50 Days & Counting

 

Yesterday was Christmas AND 50 days! My first Christmas eve and Christmas day completely alcohol free, in ten years! I did a couple of big things that I knew were big at the time, and later my friend helped me to see why that was so big. 

On Christmas eve, it was my daughter's birthday. We got up early, we had a hard time sleeping the night before, and we had three visitors. By late afternoon, I was feeling tired and overwhelmed. I'm always uncomfortable hosting, mostly because of my ill-mannered/trained dog. I had major PMS. I was also anxious about what we needed to get done on Christmas eve night. Historically, my wine would have helped me relax, gave me a boost of energy, and kept me in the game. Instead, I laced up my shoes and walked my dog during the last hour of daylight. On my daughter's birthday - on Christmas eve - with company. I just knew I had to do that for myself to be able to recharge. It's what I needed to be able to do what I needed to do/be what I needed to be, for the rest of the night. 

We did not sleep well again on Christmas eve. We were up at dawn opening presents. We had Grandma coming over later that afternoon. I was SO tired. Normally, we would have started up with the mimosas right after morning coffee, and kept on going. That would have given me the energy I needed, and kept me mildly relaxed throughout the whole day. But, I don't drink anymore. What did I do? I took a nap - on Christmas day! It did the job, and I felt much better afterwards. 

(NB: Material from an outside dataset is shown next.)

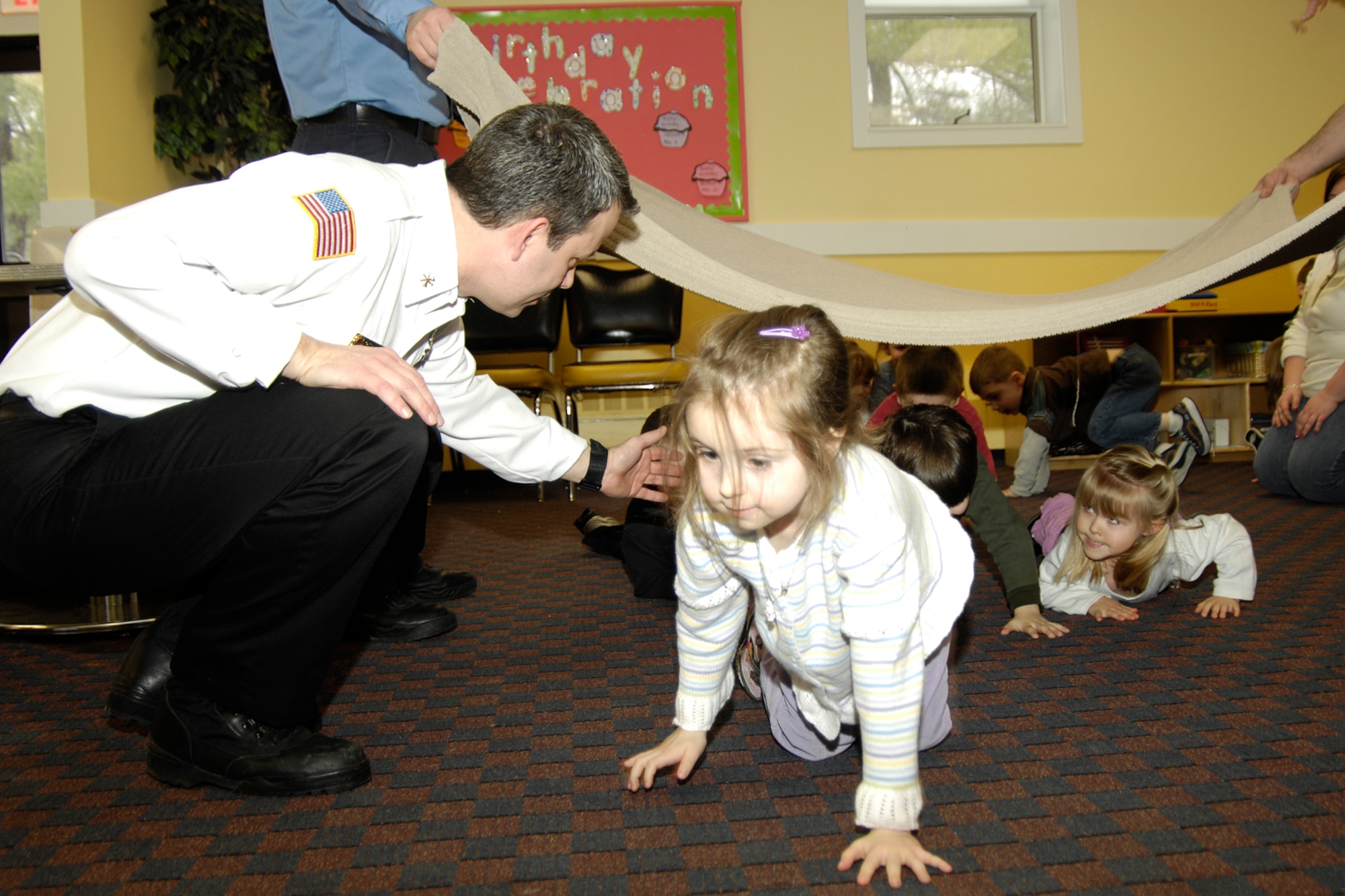 HANSCOM AFB, Mass. – Robert Coonce (left), Hanscom Fire Prevention Services and assistant fire chief, guides Elena Weissman (right) and other children from the Hanscom School Age program through a drop and crawl drill designed to teach children how to safely get out of a smoke-filled house. The interactive exercise was part of a new Juvenile Fire Setters program that the Fire Department unveiled Feb. 26. (U.S. Air Force photo by Linda LaBonte Britt)

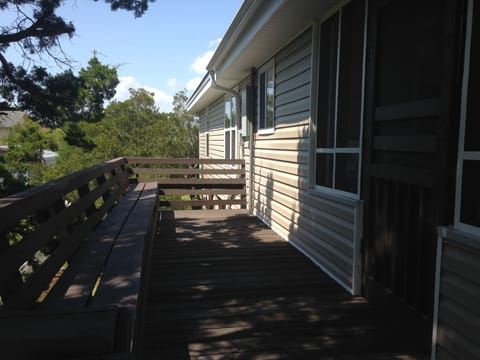 Open air shaded side deck. Another outdoor space to gather and visit.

I shared the amazing feats described above, with my friend who has been sober for two years. She said, "That is a huge reminder of why many people drink...to hide or run away from negative emotions/feelings/situations." I have to remember that I'm not being rude when I need to take care of myself. After my "time-out," I can get back in the game...or call it a night (depending on the situation).